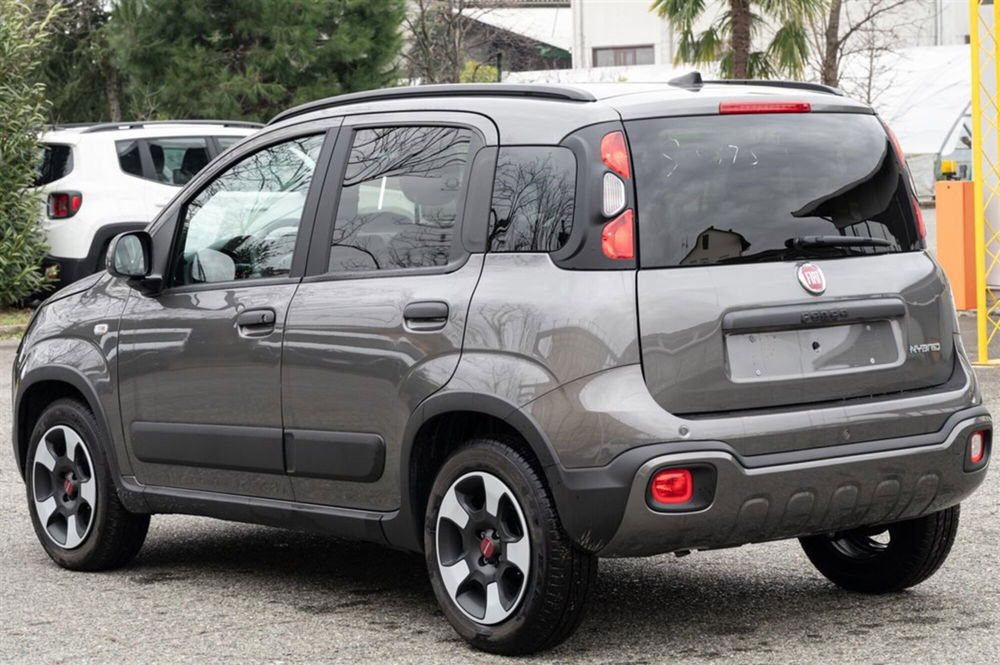 Fiat Panda Cross usata a Torino (6)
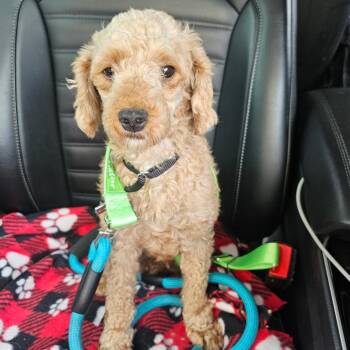 Valentina -  Miniature Poodle Dog for Adoption in Sinking Spring, Pennsylvania - Valentina | PetCurious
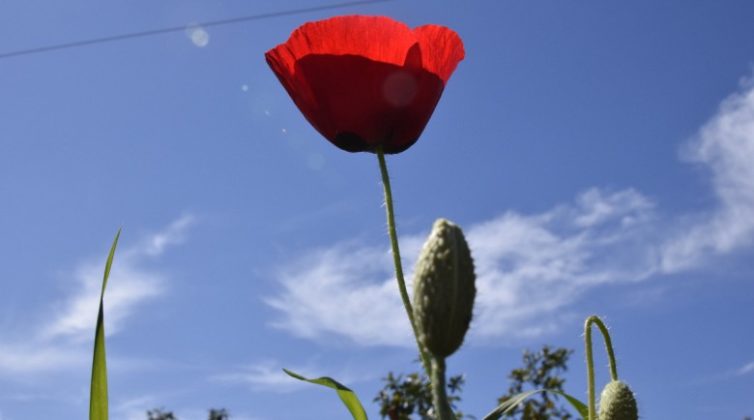 %ce%ba%ce%b1%ce%bb%ce%bf%ce%ba%ce%b1%ce%b9%cf%81%ce%af%ce%b1-%ce%ba%ce%b1%ce%b9-%cf%85%cf%88%ce%b7%ce%bb%ce%ad%cf%82-%ce%b8%ce%b5%cf%81%ce%bc%ce%bf%ce%ba%cf%81%ce%b1%cf%83%ce%af%ce%b5%cf%82-%cf%840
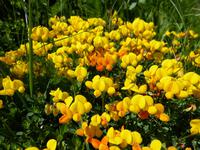 Hornklee &ndash; &copy; Maria Michel (Eberhardt TRAVEL)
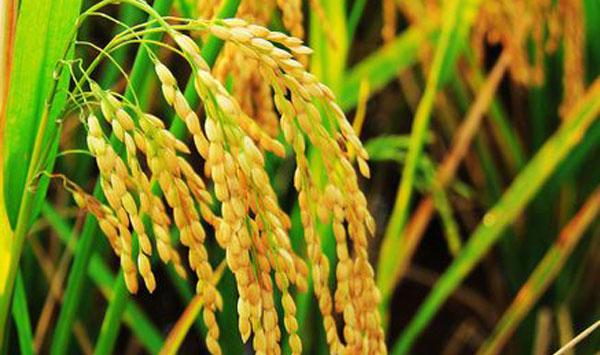 水稻倒伏预防措施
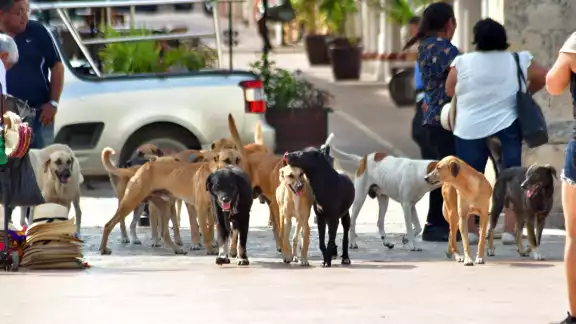 Tener un animal en la calle sin la compañía de un humano, correa o collar, constituye una multa, que corresponde al municipio aplicarla. Tener un animal en la calle sin la compañía de un humano, correa o collar, constituye una multa, que corresponde al municipio aplicarla.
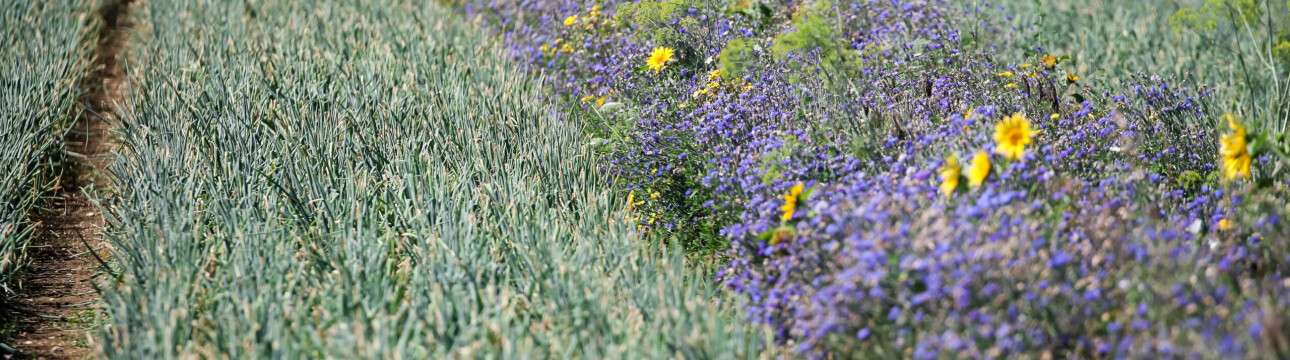 NOTRE PROMESSE SANS RESIDU DE PESTICIDES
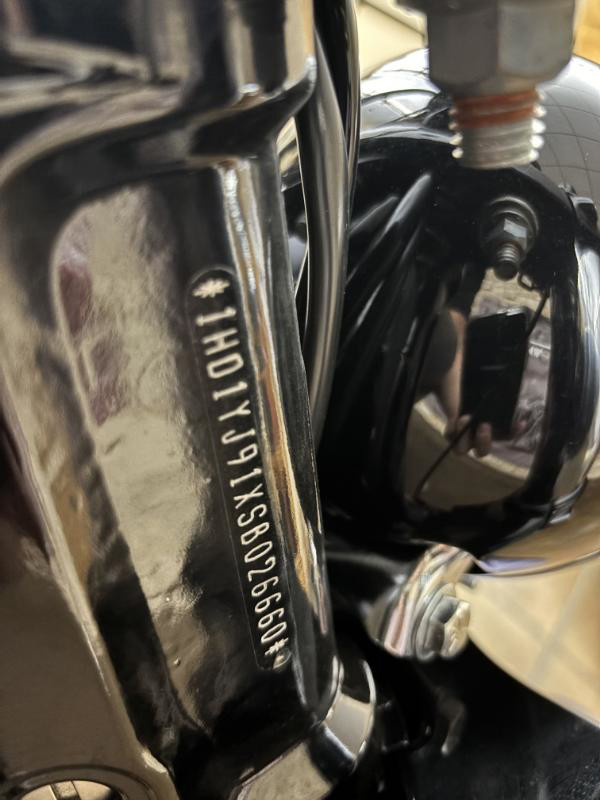 Street Bob®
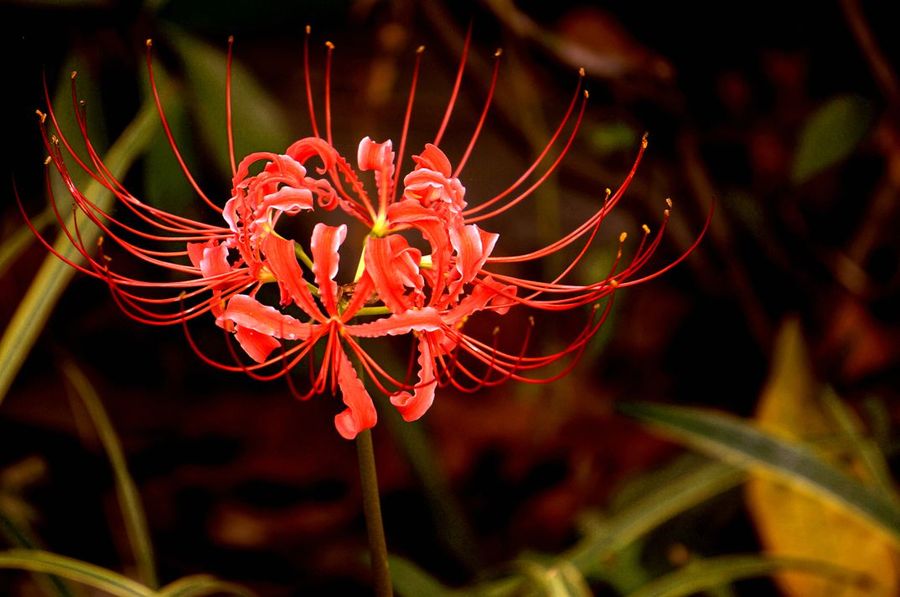 彼岸花,花开彼岸.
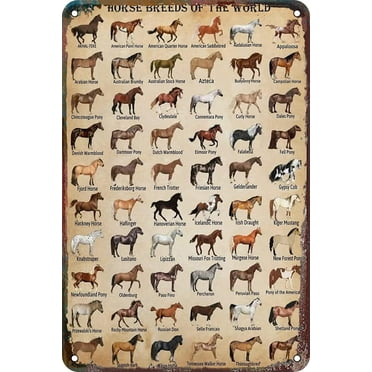 FABSURE Funny Metal Tin Sign Horse Knowledge Horse Breeds Of The World Tin Sign, Wall Decor for Bakery Kitchen Cafe 8x12 Inch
________________________
• **What is being asked**: Copy exactly the lines from the line that contains "Valentina | PetCurious" through the last line of the records above, both ends included, but leave out the pictures.

• **Answer to this task**:
 Valentina -  Miniature Poodle Dog for Adoption in Sinking Spring, Pennsylvania - Valentina | PetCurious
 %ce%ba%ce%b1%ce%bb%ce%bf%ce%ba%ce%b1%ce%b9%cf%81%ce%af%ce%b1-%ce%ba%ce%b1%ce%b9-%cf%85%cf%88%ce%b7%ce%bb%ce%ad%cf%82-%ce%b8%ce%b5%cf%81%ce%bc%ce%bf%ce%ba%cf%81%ce%b1%cf%83%ce%af%ce%b5%cf%82-%cf%840
 Hornklee &ndash; &copy; Maria Michel (Eberhardt TRAVEL)
 水稻倒伏预防措施
 Tener un animal en la calle sin la compañía de un humano, correa o collar, constituye una multa, que corresponde al municipio aplicarla. Tener un animal en la calle sin la compañía de un humano, correa o collar, constituye una multa, que corresponde al municipio aplicarla.
 NOTRE PROMESSE SANS RESIDU DE PESTICIDES
 Street Bob®
 彼岸花,花开彼岸.
 FABSURE Funny Metal Tin Sign Horse Knowledge Horse Breeds Of The World Tin Sign, Wall Decor for Bakery Kitchen Cafe 8x12 Inch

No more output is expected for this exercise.